California District Deploys 23,000 1-to-1 Devices, Works To Quell Parental Concerns
- By Dian Schaffhauser
Manteca superintendent shows students the new devices
Manteca Unified School District in California is in the next phase of its $30 million project to outfit its 23,000 students with computers. In response to earlier parental concerns regarding the program, the district posted information on its site addressing the most common questions and held two seminars specifically to educate families about software usage.
Besides the new devices, the "Going Digital" project has involved implementation of new fiber optic cable and deployment of wireless access points in classrooms. Teachers have been equipped with Microsoft Surface Pro 2 computers and been given training on the devices and the use of digital curriculum.
In mid-January the district took delivery of 23,500 3E devices, a Panasonic 2-in-1 device that features a detachable or reversible touch tablet and keyboard/docking station that fit together to form a portable computer. The unit is outfitted with Windows 8.1 Pro for Education, an Intel Atom 1.3GHz quad core processor, a 10-inch 1,366 x 768 display, 2 GB of memory, 32 or 64 GB of storage, USB and HDMI ports, microphones, camera, stylus slot, and Bluetooth. The device also includes a couple of unique accessories: a temperature probe and companion app and a magnifying lens that magnifies images seen through the built-in camera. Students in grades 4-12 will be allowed to take the computers home; K-3 devices will remain in carts in the classroom.

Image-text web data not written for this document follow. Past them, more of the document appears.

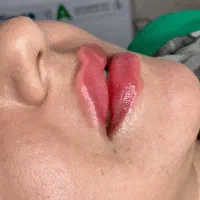 بوتاکس چشم گربه ای|خدمات آرایشگری و زیبایی|تهران, سازمان برنامه شمالی|دیوار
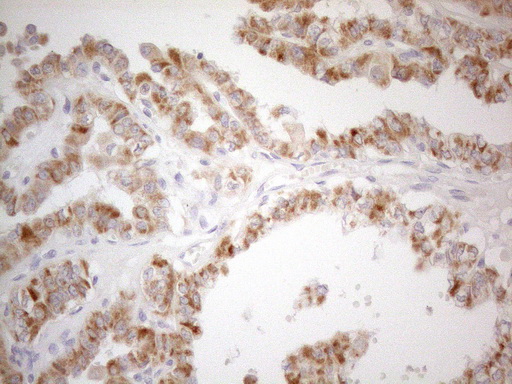 CD40 Antibody - Immunohistochemical staining of paraffin-embedded Carcinoma of Human thyroid tissue using anti-CD40 mouse monoclonal antibody. (Heat-induced epitope retrieval by 1mM EDTA in 10mM Tris buffer. (pH8.5) at 120°C for 3 min. (1:150)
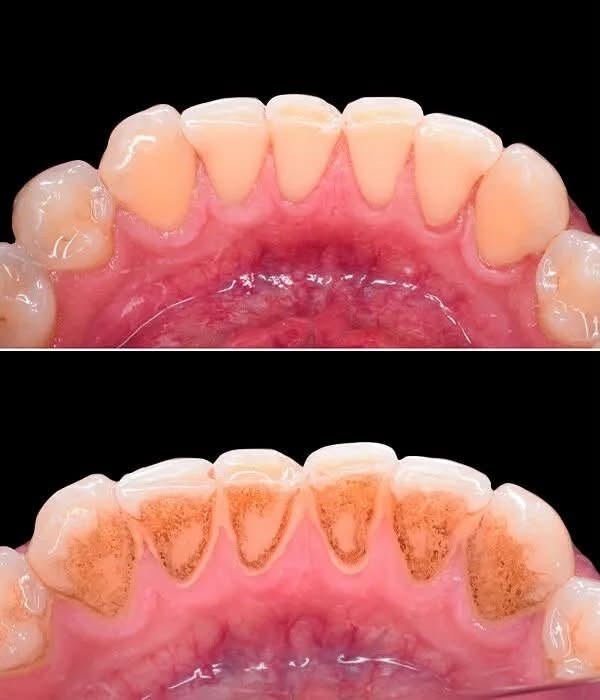 حشوات تجميلية • تنظيف أسنان • شبه مجانية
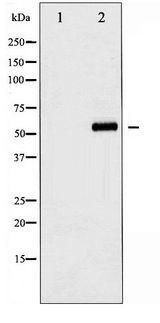 AKT1 Antibody - Western blot of Akt phosphorylation expression in PMA treated A549 whole cell lysates,The lane on the left is treated with the antigen-specific peptide.
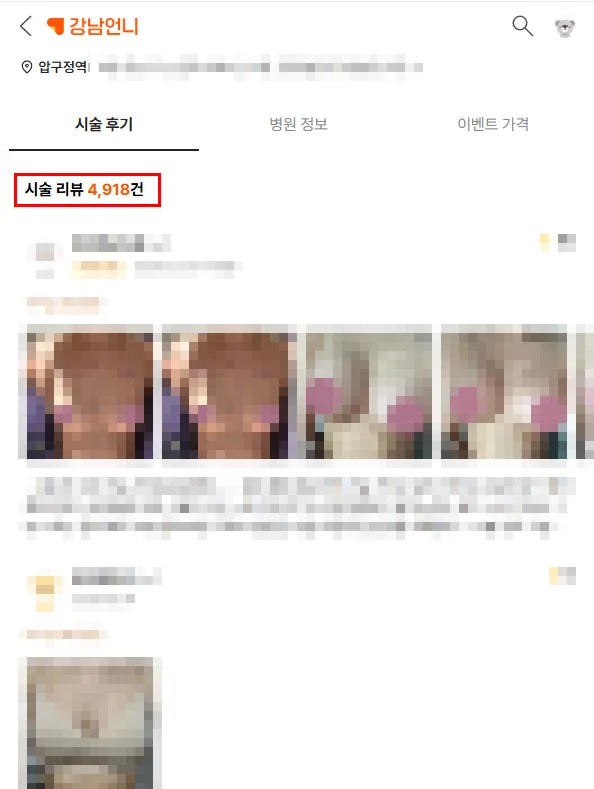 처진가슴수술비용, 가슴크림·보정속옷 후기에 속지 마세요 <20년간 가슴만 연구한 의료진 작성> — 본문 이미지 2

The goals of the program, as laid out in a January 2014 presentation to the school board, include providing students "with an equal opportunity to technology at all school sites." It undertook the initiative with very little in place. In a scope document, the district said that each school previously had a minimum of one computer lab with 36 computers and a network infrastructure "using antiquated technology that will not support the wireless and wired network equipment needed to accomplish the goals"; most of it had "reached or is reaching the manufacture[rs'] end of life/support cycle."
The network upgrade, anticipated to sustain the district for at least seven years, included setup of new Cisco Nexus 9000 switches and Cisco 802.11ac wireless access points for classes. Core and edge network upgrades were expected to support 10 Gbps speeds between sites and 1 Gbps within each site.
Equipment upgrades, wiring and cabling have consumed about $22 million of the total budget. The devices and were budgeted to cost $8 million. The district has budgeted for a four-year refresh cycle on the student devices. The funding came from a one-time state allocation.
Manteca teachers receive training
"One-to-one initiatives give students a leg up, increasing engagement and nurturing digital literacy. Moreover, we have invested in 3E devices which are specifically designed to promote inquiry-based learning and excellence in STEM subjects," said Superintendent Jason Messer in a statement. "Our vision is to ensure that all students in our district will have access to world-class learning and will graduate with skills that allow them to compete with students from anywhere else in the country."
According to coverage in the Manteca Bulletin, a group of parents had launched a campaign "to get their voices heard and to get answers from school officials." Ironically, they're choosing a high tech means to publicize their efforts: a closed page on Facebook. As the Facebook page stated, "Our goal is to come together as a group, make our concerns heard to the district and together try coming up with a resolution that we can agree on. We want to make clear that we're not completely against the technology part of this program; however everything else is what we're having the majority of our issues with." So far the closed group has 72 members.
Among their concerns: The district hasn't fully answered questions about the digital program; families are being "forced" to sign a contract and pay insurance related to student possession of the devices; and students who don't use the devices at home could lose out on "homework points," thereby affecting their grades.
At about the same time as the Facebook campaign started, the district scheduled two 90-minute parent sessions to help them learn about the use of Microsoft Office 365, the software chosen for the devices.
A 10-page frequently-asked questions document was also posted to the district site. Among the major concerns addressed:
- Whether the child has to bring the device home at night. (The answer is yes; "The devices are an educational requirement.... Please note this is just like a textbook, the devices are a key supplemental part of the educational program....")
- What families have to pay for the use of the tablet. (Nothing; however, the district does offer a lease/purchase program.)
- Whether the "Going Digital" steering committee can be expanded to include parent members. (The committee already has parents and students, but it will be expanded to include additional members.)